Stephen Smith's Blog

Musings on Machine Learning…

Archive for the ‘graphics’ Category

Playing with CUDA on my Gaming Laptop

leave a comment »

Playing with CUDA on my Gaming Laptop

Introduction

Last year, I blogged on playing with CUDA on my nVidia Jetson Nano. I recently bought a new laptop which contains an nVidia GTX1650 graphics card with 4Gig of RAM. This is more powerful than the coprocessor built into the Jetson Nano.  I took advantage of the release of newer Intel 10th generation processors along with the wider availability of newer nVidia RTX graphics cards to get a good deal on a gaming laptop with an Intel 9th generation processor and nVidia GTX graphics. This is still a very fast laptop with 16Gig of RAM and runs the couple of video games I’ve tried fine. It also compiles and handles my normal projects easily. In this blog post, I’ll repeat a lot of my previous article on the nVidia Jetson, but in the context of running on Windows 10 with an Intel CPU.

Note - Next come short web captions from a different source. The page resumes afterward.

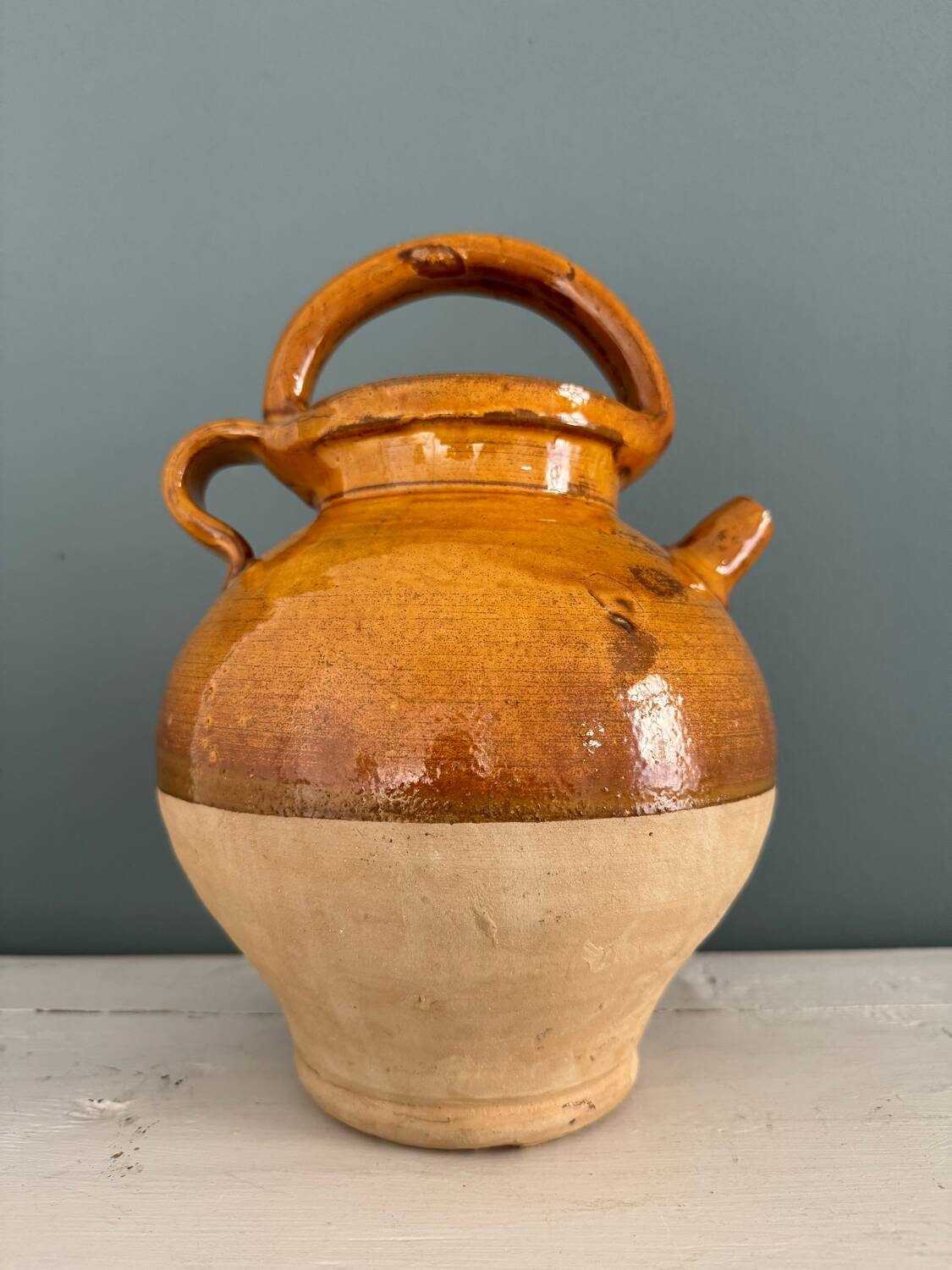 Old terracotta gargoulette jug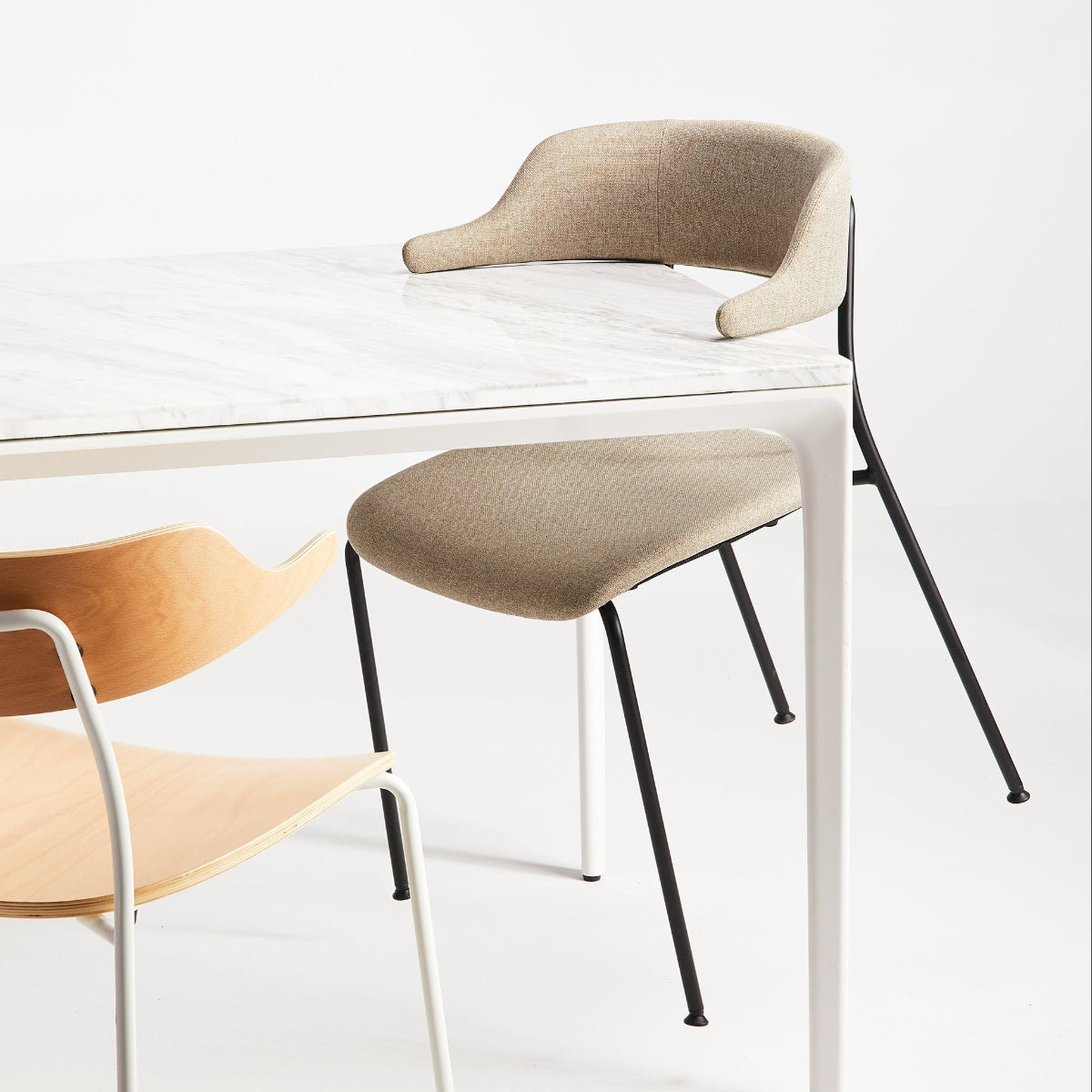 Two chairs, one with a wooden seat and the other with a fabric seat, on a white background.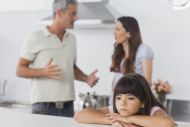 Stressed parents and sad child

I wanted an nVidia graphics card because these have the best software support for graphics, gaming, AI, machine learning and parallel programming. If you use Tensorflow for AI, then it uses the nVidia graphics card automatically. All the versions of DirectX support nVidia and if you are doing general parallel programming then you can use a system like OpenCL. I find nVidia leads AMD in software support and Intel is going to have a lot of trouble with their new Xe graphics cards reaching this same level of software support.

Setup

On Windows, most developers use Visual Studio. I could do this all with GCC, but this is more difficult, since when you install the SDK for CUDA, you get all the samples and documentation for Visual Studio. The good news is that you can use Visual Studio Community Edition which is free and actually quite good. Installing Visual Studio is straightforward, just time consuming since it is large.

Next up, you need to install nVidia’s CUDA toolkit. Again, this is straightforward, just large. Although the install is large, you likely have all the drivers already installed, so you are mostly getting the developer tools and samples out of this.

Performing these installs and then dealing with the program upgrades, really makes me miss Linux’s package managers. On Linux, you can upgrade all the software on your computer with one command on a regular basis. On Windows, each program checks for upgrades when it starts and usually wants to upgrade itself before you do any work. I find that this is a real productivity killer on Windows. Microsoft is starting work on a package manager for Windows, but at this point it does little.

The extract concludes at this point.